GIVEN RECORDS section start
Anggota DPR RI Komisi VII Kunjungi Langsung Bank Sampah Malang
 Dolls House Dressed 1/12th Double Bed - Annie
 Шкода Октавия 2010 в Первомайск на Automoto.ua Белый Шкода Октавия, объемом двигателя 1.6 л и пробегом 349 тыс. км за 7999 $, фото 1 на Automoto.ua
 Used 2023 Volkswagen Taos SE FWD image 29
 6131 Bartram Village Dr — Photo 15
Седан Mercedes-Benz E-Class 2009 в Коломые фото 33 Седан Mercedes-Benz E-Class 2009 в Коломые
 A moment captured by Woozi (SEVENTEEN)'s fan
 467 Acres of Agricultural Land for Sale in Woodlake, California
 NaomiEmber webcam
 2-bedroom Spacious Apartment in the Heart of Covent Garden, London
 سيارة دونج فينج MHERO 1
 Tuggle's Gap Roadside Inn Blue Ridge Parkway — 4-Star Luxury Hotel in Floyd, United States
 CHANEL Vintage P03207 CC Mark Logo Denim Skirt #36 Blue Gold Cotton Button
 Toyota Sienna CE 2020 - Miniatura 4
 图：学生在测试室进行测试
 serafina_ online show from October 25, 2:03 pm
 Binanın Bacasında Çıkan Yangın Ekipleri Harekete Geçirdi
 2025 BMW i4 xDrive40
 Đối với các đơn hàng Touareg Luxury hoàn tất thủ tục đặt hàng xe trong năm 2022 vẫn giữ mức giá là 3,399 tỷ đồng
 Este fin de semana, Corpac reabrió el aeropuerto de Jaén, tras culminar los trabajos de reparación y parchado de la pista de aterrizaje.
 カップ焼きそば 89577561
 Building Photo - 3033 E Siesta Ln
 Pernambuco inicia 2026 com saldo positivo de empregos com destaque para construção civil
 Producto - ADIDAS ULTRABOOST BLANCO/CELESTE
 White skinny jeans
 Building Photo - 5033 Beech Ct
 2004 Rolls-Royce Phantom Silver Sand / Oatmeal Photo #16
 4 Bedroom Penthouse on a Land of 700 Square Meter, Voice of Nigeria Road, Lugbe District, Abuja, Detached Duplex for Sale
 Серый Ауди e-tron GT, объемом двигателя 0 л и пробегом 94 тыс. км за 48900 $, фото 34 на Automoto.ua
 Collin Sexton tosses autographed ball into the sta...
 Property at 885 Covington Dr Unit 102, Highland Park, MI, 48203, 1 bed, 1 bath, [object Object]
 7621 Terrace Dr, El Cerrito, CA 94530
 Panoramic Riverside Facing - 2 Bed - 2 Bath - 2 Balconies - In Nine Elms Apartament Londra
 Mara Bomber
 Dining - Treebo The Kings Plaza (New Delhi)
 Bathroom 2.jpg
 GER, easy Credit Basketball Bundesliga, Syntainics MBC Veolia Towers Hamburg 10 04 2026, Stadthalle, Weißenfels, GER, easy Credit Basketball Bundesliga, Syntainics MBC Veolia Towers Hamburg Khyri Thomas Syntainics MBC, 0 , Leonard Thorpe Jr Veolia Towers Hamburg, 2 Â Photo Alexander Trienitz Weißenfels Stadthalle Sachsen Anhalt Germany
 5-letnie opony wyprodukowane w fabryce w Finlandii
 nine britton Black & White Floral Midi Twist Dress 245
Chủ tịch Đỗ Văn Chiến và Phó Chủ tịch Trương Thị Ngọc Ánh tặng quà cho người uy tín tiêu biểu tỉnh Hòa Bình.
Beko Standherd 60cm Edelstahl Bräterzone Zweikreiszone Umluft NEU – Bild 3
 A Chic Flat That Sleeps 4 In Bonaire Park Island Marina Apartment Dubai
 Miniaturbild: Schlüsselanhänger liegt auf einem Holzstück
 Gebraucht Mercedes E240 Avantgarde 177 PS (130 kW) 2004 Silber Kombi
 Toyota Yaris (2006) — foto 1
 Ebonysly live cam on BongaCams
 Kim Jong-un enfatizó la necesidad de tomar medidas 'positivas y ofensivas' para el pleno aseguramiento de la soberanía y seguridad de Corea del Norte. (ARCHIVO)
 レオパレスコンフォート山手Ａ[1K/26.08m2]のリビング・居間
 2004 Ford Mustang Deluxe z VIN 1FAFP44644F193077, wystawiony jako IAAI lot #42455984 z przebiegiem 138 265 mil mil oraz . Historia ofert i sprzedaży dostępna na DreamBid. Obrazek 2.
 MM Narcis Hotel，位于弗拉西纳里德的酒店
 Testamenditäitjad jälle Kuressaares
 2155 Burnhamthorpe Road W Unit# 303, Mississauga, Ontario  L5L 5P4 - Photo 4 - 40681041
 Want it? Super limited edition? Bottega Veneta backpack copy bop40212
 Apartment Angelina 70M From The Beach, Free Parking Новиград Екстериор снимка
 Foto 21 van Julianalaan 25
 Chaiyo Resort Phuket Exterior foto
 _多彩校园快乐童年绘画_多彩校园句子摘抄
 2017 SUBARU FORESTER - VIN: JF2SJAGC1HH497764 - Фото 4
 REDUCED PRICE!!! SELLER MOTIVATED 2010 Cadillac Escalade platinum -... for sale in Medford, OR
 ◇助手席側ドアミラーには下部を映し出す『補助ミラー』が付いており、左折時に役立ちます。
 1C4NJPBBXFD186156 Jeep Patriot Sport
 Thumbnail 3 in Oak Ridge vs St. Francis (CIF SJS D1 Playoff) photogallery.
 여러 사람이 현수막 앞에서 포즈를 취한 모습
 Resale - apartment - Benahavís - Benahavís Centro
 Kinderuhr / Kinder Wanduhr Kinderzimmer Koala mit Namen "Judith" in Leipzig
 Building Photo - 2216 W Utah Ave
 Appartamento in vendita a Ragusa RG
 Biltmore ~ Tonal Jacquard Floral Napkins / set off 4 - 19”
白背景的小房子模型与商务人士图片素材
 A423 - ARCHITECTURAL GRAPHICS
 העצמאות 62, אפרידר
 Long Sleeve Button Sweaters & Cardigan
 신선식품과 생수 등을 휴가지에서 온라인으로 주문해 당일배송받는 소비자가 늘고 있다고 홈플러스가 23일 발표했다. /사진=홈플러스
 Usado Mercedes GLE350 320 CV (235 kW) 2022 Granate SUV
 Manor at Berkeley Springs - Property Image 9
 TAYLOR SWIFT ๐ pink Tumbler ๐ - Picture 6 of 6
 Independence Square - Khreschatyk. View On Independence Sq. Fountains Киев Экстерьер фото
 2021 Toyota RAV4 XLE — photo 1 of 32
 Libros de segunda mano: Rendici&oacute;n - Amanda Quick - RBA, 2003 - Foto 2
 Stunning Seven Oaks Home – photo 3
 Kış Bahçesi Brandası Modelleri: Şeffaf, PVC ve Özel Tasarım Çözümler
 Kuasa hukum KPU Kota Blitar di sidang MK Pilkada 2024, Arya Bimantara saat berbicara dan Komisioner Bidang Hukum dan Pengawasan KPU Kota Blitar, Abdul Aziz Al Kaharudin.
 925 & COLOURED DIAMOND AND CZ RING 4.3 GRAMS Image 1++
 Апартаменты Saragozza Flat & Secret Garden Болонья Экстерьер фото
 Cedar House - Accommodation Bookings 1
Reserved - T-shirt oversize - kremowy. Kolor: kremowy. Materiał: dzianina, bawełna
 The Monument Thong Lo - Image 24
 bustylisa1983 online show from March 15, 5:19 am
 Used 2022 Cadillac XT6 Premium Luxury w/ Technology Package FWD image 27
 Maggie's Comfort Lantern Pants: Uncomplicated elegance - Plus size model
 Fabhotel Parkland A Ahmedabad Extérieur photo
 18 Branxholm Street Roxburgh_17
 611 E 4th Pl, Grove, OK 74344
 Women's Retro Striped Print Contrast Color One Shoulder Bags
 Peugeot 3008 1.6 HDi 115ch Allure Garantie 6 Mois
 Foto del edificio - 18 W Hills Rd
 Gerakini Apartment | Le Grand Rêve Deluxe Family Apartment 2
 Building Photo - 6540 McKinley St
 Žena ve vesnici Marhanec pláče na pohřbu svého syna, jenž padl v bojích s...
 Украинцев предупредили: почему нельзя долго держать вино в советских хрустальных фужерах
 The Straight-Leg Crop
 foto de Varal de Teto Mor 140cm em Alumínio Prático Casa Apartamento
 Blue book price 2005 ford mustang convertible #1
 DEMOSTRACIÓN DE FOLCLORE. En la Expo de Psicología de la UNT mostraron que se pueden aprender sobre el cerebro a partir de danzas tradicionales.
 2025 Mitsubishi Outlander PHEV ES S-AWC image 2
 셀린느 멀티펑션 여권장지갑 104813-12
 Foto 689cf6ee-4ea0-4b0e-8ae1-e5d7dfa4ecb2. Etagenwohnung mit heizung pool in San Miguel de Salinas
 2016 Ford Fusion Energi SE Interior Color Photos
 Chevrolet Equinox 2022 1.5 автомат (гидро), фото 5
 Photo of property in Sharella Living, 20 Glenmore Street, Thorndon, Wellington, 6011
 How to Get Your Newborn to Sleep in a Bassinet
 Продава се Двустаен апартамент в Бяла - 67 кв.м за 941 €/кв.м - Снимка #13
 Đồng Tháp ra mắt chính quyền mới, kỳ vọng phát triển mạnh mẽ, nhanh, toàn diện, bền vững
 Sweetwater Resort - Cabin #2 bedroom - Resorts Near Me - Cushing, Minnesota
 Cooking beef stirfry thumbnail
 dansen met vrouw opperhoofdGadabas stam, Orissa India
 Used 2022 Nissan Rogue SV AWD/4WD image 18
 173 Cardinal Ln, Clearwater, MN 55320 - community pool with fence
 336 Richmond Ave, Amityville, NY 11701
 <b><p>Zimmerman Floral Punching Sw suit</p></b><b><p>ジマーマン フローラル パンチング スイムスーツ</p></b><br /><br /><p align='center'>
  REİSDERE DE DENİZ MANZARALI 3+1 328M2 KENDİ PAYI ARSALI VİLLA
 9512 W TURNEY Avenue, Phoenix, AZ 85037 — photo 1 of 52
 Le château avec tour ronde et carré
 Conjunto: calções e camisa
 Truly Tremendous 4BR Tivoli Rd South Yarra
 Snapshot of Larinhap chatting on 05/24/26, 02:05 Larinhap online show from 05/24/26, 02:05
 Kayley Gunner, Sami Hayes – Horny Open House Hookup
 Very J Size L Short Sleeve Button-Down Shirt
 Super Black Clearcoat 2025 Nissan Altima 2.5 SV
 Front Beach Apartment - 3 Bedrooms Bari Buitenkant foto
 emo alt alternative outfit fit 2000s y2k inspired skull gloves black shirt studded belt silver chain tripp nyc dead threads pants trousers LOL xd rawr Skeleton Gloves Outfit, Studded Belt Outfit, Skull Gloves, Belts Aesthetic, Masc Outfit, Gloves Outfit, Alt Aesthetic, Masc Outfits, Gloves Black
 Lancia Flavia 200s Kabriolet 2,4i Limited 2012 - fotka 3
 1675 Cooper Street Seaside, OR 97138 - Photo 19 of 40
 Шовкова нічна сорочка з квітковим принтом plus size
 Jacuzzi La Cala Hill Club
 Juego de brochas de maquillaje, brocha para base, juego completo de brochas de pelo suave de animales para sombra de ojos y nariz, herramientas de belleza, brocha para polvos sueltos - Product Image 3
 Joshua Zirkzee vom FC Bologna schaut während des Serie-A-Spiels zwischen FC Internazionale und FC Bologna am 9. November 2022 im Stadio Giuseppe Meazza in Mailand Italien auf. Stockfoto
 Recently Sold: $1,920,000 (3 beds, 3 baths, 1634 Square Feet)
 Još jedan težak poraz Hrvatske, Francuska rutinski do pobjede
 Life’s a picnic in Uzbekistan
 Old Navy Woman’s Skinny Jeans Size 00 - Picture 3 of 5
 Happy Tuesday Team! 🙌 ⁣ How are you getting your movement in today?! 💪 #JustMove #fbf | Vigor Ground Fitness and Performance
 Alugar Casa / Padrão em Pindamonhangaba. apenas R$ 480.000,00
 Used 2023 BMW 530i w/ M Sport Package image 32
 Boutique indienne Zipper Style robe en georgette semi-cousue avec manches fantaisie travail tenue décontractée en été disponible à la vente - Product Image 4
GIVEN RECORDS section end
» **EXERCISE DETAILS**: Using the entries above, output exactly the lines between the line holding "Super Black Clearcoat" and the line holding "Juego de brochas", end lines included, and nothing more.

» **WRITTEN RESPONSE**:
 Super Black Clearcoat 2025 Nissan Altima 2.5 SV
 Front Beach Apartment - 3 Bedrooms Bari Buitenkant foto
 emo alt alternative outfit fit 2000s y2k inspired skull gloves black shirt studded belt silver chain tripp nyc dead threads pants trousers LOL xd rawr Skeleton Gloves Outfit, Studded Belt Outfit, Skull Gloves, Belts Aesthetic, Masc Outfit, Gloves Outfit, Alt Aesthetic, Masc Outfits, Gloves Black
 Lancia Flavia 200s Kabriolet 2,4i Limited 2012 - fotka 3
 1675 Cooper Street Seaside, OR 97138 - Photo 19 of 40
 Шовкова нічна сорочка з квітковим принтом plus size
 Jacuzzi La Cala Hill Club
 Juego de brochas de maquillaje, brocha para base, juego completo de brochas de pelo suave de animales para sombra de ojos y nariz, herramientas de belleza, brocha para polvos sueltos - Product Image 3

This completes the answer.